Deneylerin başarılı geçtiğinin altını çizen Göktaş mevzuyla ilgili şu ayrıntıların altını çiziyor: “Bahsettiğimiz bahis nazal sprey aşı. Bu yolun faz çalışmalarında yüzde 100’e yakın aktifliğinin olduğu tespit edildi. Nazal sprey aşı, hem enfeksiyonun önlenmesi, hem de yayılım tarafından teneffüs yollarını kaplayan mukozadakihücreleri hedefliyor. Bu noktalar koronavirüsün giriş ve üreme yerleri olduğu için, virüs burundan içeri girdiği anda aşı sayesinde aktifliği ve yayılımı azalıyor. Zira virüs, aşı sonrası mukozada çoğalamıyor. Bu da hastalığın alt teneffüs yollarına, yani akciğerlere inmesini engelliyor. Farelerde yapılan çalışmalarda, nazal sprey sonrasında farelerin antikor geliştirdiği de tespit edildi.”
Uygulanan aşıların yerini alabilir
Göktaş, halihazırda uygulanan aşıların yerini ileride bu yeni prosedüre bırakabileceğini de kelamlarına ekliyor: “Sprey ile tedbir alırsak yılanın başını küçükken ezmiş oluruz. Şu an yapılan klasik aşı ile virüse hava etki ettikten sonra tesir alabiliyoruz. O yüzden nazal aşının daha tesirli olacağını söyleyebilirim. Bunun dışında, soğuk zincir de gerektirmeyen bir uygulama, oda sıcaklığında kalabiliyor. Ayrıyeten birçok beşerde enjeksiyonfobisi var. Bunu da engelleyecek bir tahlil yolu olacaktır.”

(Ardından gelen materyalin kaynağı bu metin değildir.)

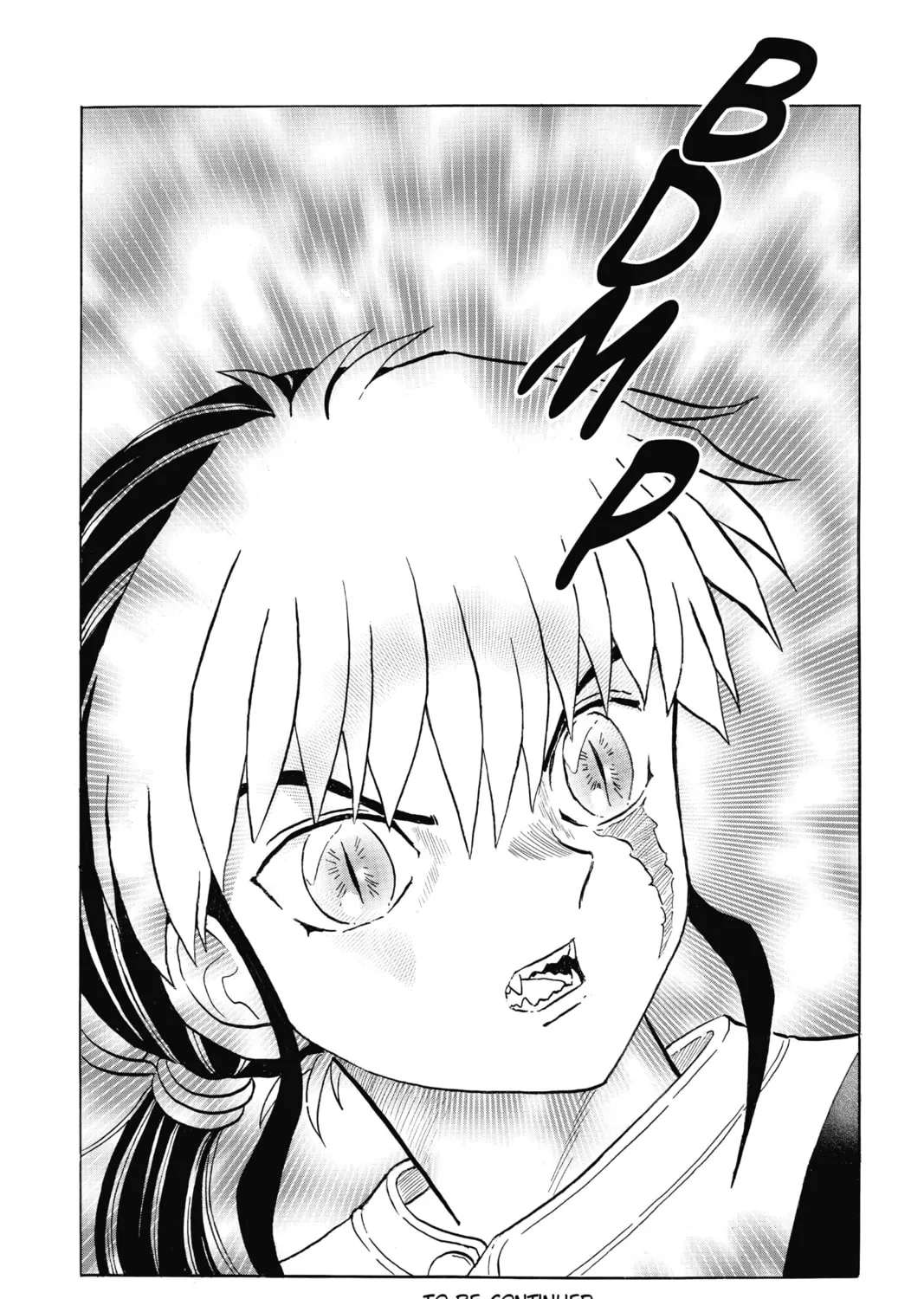 Read Mao chapter 18 image 36 on Lezhin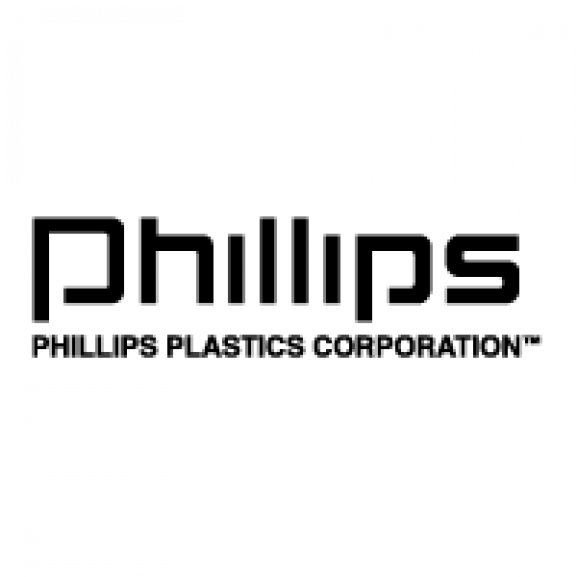 Phillips Plastics Corporation Logo wallpapers HD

“Nazal aşının tek doz yapılması kâfi oluyor. Ig A dediğimiz antikorların üretimini bağlamış oluyoruz. Yan tesirlerinin, klasik aşıya nazaran daha az olacağını öngörüyoruz. Mutasyonlara karşı da tesirli olacak.”
Yapılan aşıların hastalığı hafif atlatmada kilit öge olduğunu da belirten Uzm. Dr. Şafak Göktaş, “Aşıda hastalara teklifim kar ziyan hesabı yapmaları. Aşısız olarak virüse yakalanırlarsa, hastalığı ağır geçirip, ağır bakım ünitesine gereksinim duyabilirler. O süreç çok sıkıntı. Gaye, ağır bakım ve hastaneye yatış oranını düşürmek. Hepimizin toplum sıhhatini düşünmemiz gerekiyor” dedi.